Bauchgurte, Bettgitter, Vorsatztische: Fixierungen in Pflegeeinrichtungen können verringert werden. Das ist der Ansatz des sogenannten Werdenfelser Weges, der auch im Bereich des Amtsgerichts Einbeck beschritten werden soll. Ziel ist die erhebliche Reduzierung von freiheitsentziehenden Maßnahmen, wobei sie in den Häusern der Region ohnehin wenig zum Einsatz kommen. Über die Voraussetzungen haben sich jetzt Vertreter von Pflegeeinrichtungen im Raum Einbeck informiert. Richterin Martina Sievert-Mausolff, Verfahrenspfleger Hans-Henning Hannemann und Betreuerin Britta Slawski-Ehreke skizzierten, was dabei möglich ist.

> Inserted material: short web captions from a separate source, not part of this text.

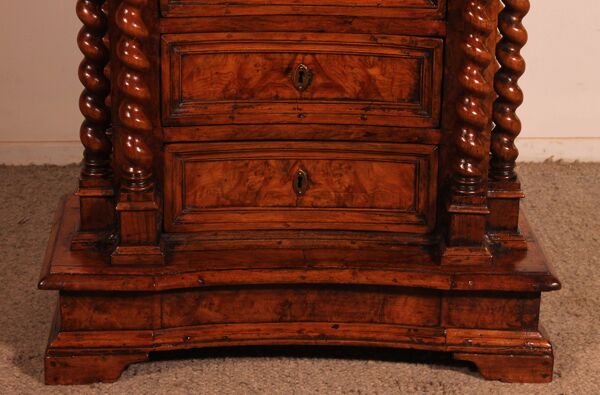 Oratoire renaissance Italienne en noyer et ronce de noyer, XVIIème siècle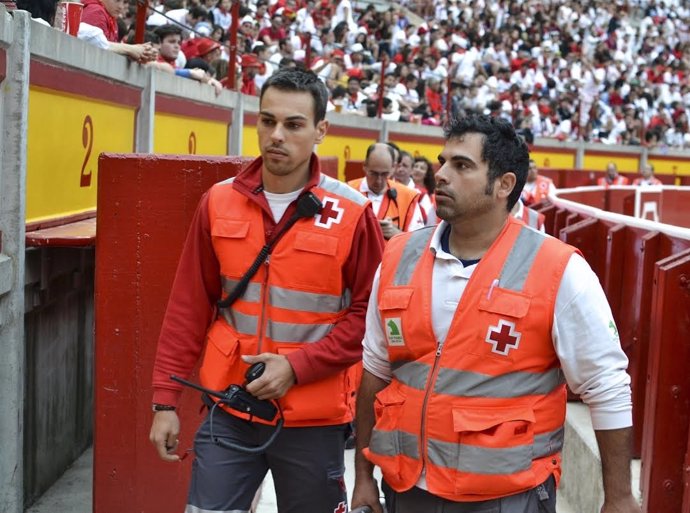Miembros de la Cruz Roja en la Plaza de Toros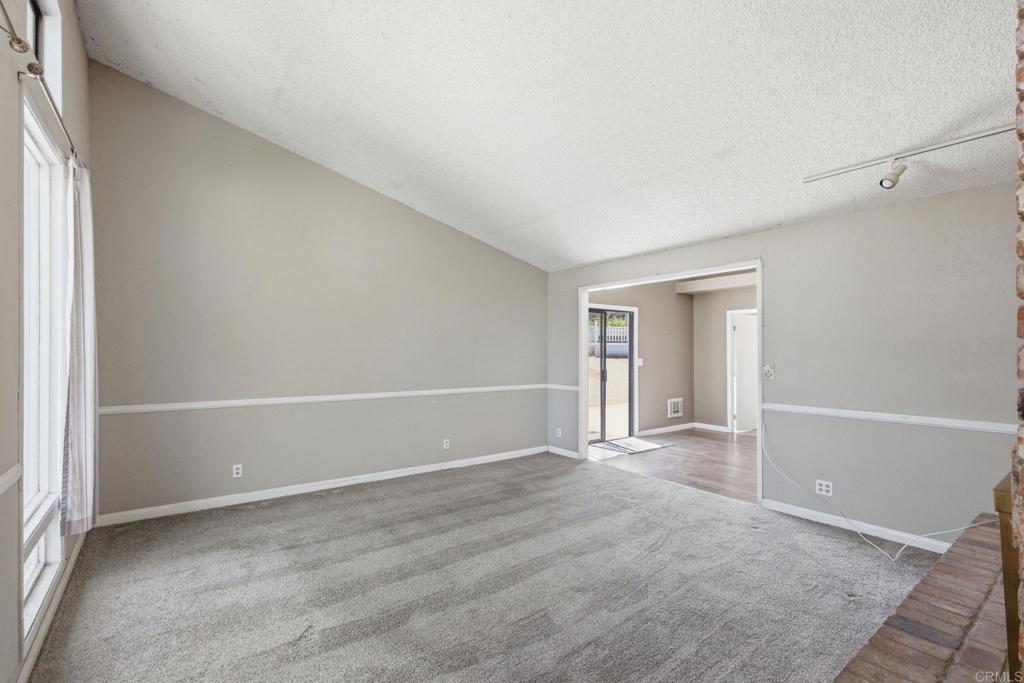 14037 Proctor Valley Rd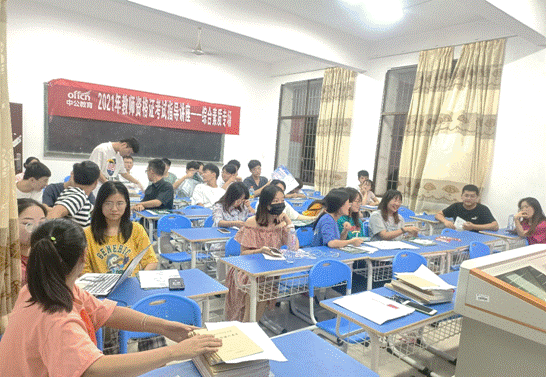 一群人坐在桌子前描述已自动生成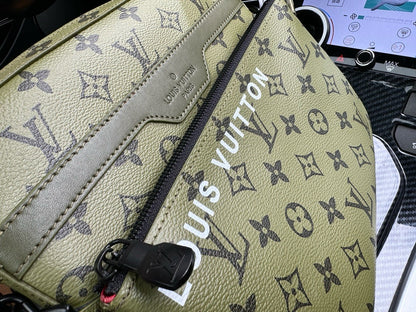 Louis Vuitton Trio Messenger M23783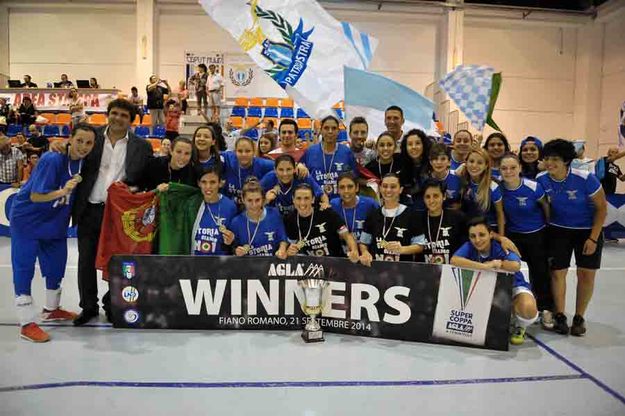 La Lazio con il trofeo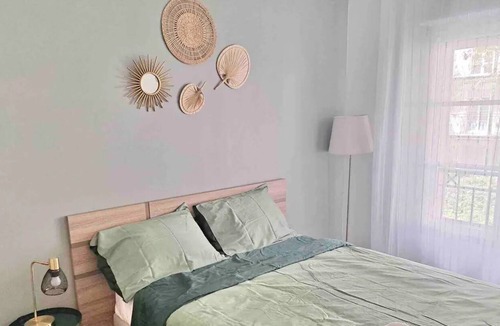 Le Plessis-Robinson Apartment | Apartment Orly Versailles Street parking Robinson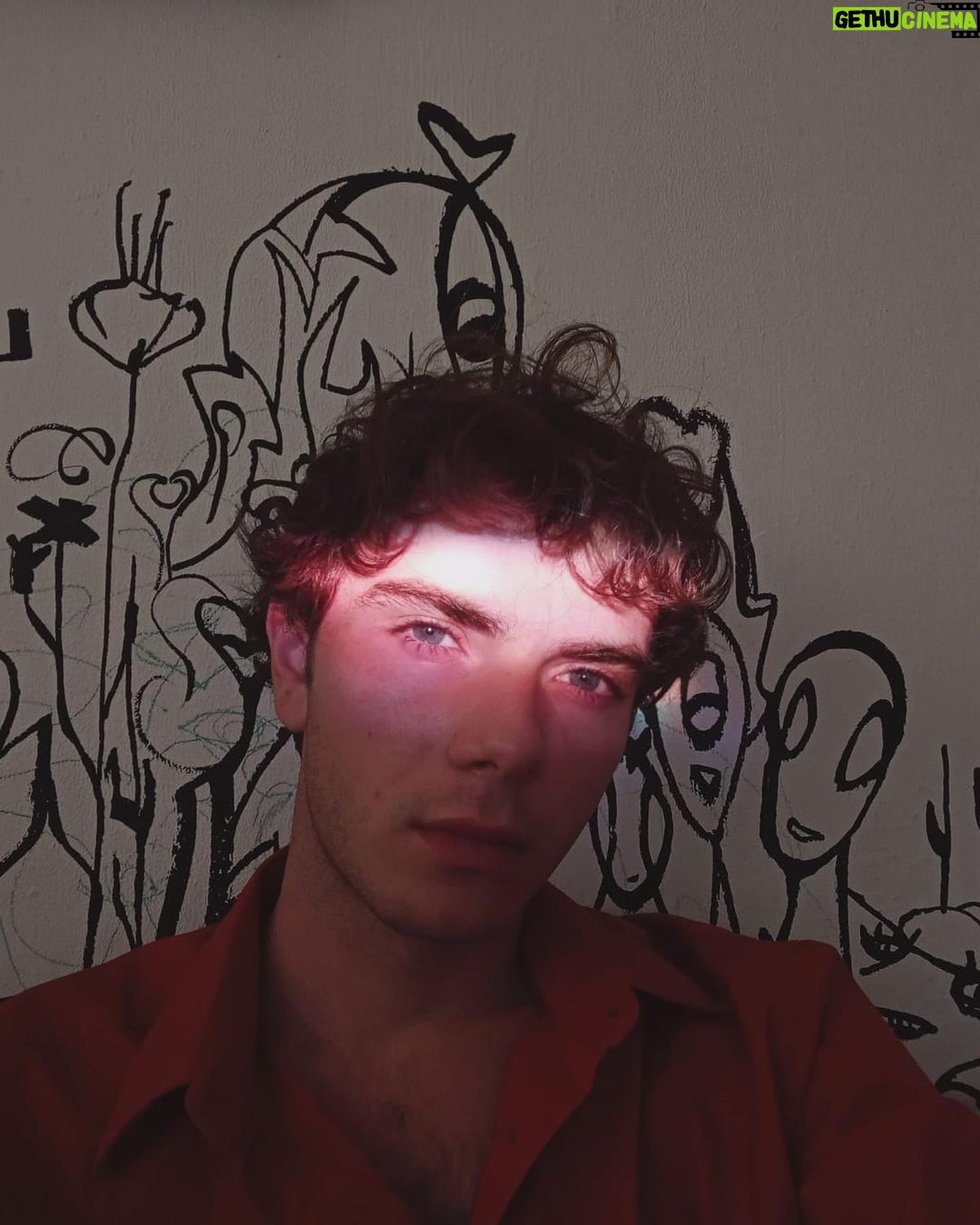 Cemrehan Karakaş - 7.5K Likes - Like me like one of your french boys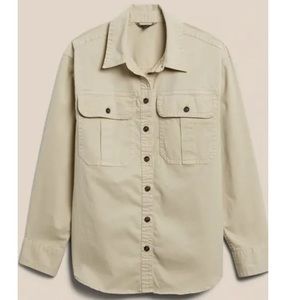 Banana Republic, Oversized Safari Shirt Jacket, Khaki color size XS Petite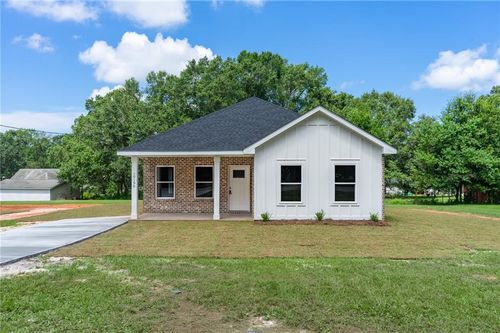 10190 Pecan St, Grand Bay, AL, 36541-4928 | Card Image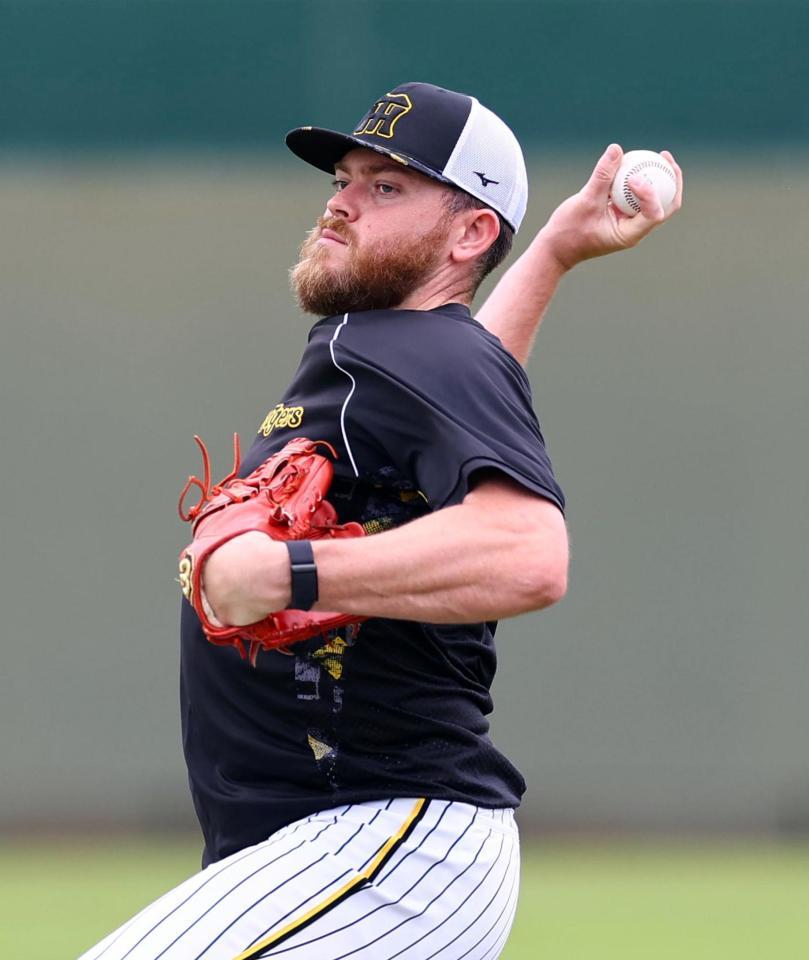 　キャッチボールするビーズリー（撮影・山口登）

Einbeck. Etwa 23 Prozent der Bewohner von Pflegeeinrichtungen im Raum Einbeck-Dassel würden regelmäßig fixiert, berichtete Richterin Martina Sievert-Mausolff. Der Werdenfelser Weg ermögliche einen Rückgang um 30 Prozent. Entwickelt wurde die Idee im Landkreis Garmisch-Partenkirchen von Dr. Sebastian Kirsch. Seit 2007 hat die Initiative dort zu einer erheblichen Reduzierung von Fixierungsmaßnahmen in Pflegeeinrichtungen geführt. Fixierungen bedeuten, so der Ansatz, einen Verlust an Lebensqualität. Damit verbunden ist häufig auch psychischer und physischer Abbau. Zudem kann der Einsatz von Bettgittern und Gurten gefährlich sein für die Bewohner. Andererseits werden sie oft eingesetzt, damit sich die Einrichtungen vor Regressansprüchen schützen können, falls ein Bewohner bei Nichtfixierung stürzt und sich verletzt.

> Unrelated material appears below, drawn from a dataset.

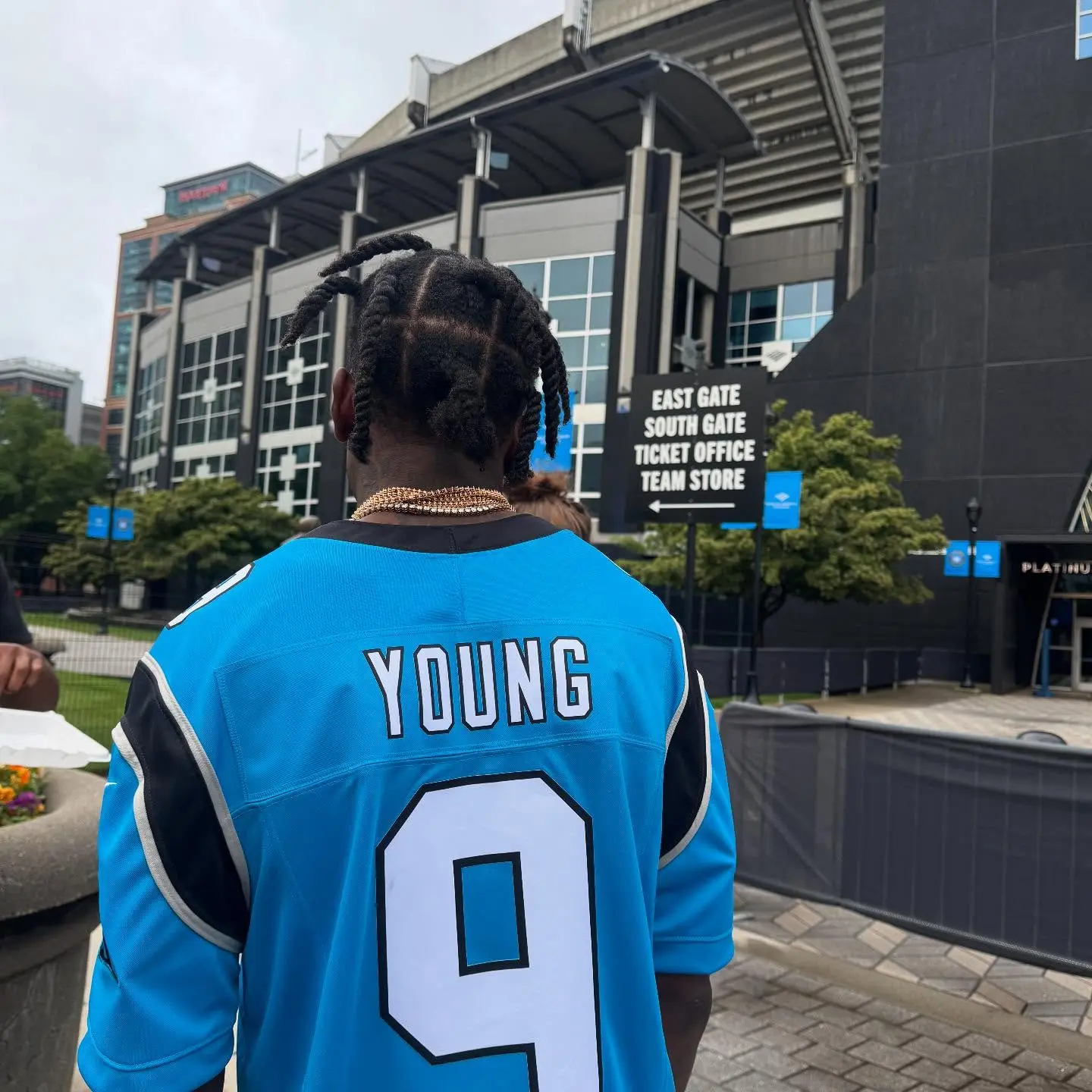 Sauce Walka Flies To Carolina For Panther Venture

Der Werdenfelser Weg setzt auf spezielle Verfahrenspfleger für das gerichtliche Genehmigungsverfahren von Fixierungen. Sie werden fachlich fortgebildet, so dass sie über eine Kombination von pflegerischem Fachwissen und juristischen Informationen verfügen. Der Verfahrenspfleger bespricht im Auftrag des Gerichts jeden Fixierungsfall individuell und stellt gemeinsam mit dem Heim und den Angehörigen des Bewohners Alternativüberlegungen an. Ziel soll eine gemeinsam getragene Abschätzung dazu sein, wie im konkreten Fall das Verletzungsrisiko durch Stürze, aber auch die Folgen einer angewendeten Fixierung einzuordnen sind. Dabei wird gerade auch auf den Verlust an Lebensqualität durch Fixierung und die physischen und psychischen Verschlechterungen geschaut. Oft stellt sich dabei heraus, dass eine Fixierung fachlich und juristisch mit allen negativen Auswirkungen nicht zu rechtfertigen ist.

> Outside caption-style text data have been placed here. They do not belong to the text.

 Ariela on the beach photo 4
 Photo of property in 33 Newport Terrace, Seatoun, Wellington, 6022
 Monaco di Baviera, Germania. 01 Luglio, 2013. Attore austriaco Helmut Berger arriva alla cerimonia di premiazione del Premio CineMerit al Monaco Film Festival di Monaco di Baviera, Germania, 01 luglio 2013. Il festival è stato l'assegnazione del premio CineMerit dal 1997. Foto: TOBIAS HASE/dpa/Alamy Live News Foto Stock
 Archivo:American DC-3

Als Fachkrankenpfleger und Gutachter beim Sozialgericht sowie Betreuer hat sich Hans-Henning Hannemann aus Herzberg in diesem Bereich fortgebildet. Im vergangenen Jahr hat er bei Dr. Sebastian Kirsch, der den Werdenfelser Weg entwickelt hat, eine entsprechende Ausbildung absolviert. Es gebe, betonte er im Gespräch mit den Vertretern der lokalen Einrichtungen, angenehmere Möglichkeiten, als die Bewohner festzubinden.Aus Sicht der Angehörigen sei ein Oberschenkelhalsbruch oft schlimmer als ein Bettgitter, berichtete Richterin Martina Sievert-Mausolff aus der Praxis. Die Entscheidung darüber, was mit den Bewohnern geschehe, dürfe nicht allein am Pflegepersonal hängenbleiben, sondern Angehörige und Verfahrenspfleger müssten mit eingebunden werden, wenngleich die letzte Entscheidung doch das Gericht treffe. Unterstützt werde dieser neue Ansatz durch die Heimaufsicht, wobei Einbeck bisher das einzige Amtsgericht im Landkreis Northeim sei, dass sich auf diese Weise mit dem Thema auseinandersetze.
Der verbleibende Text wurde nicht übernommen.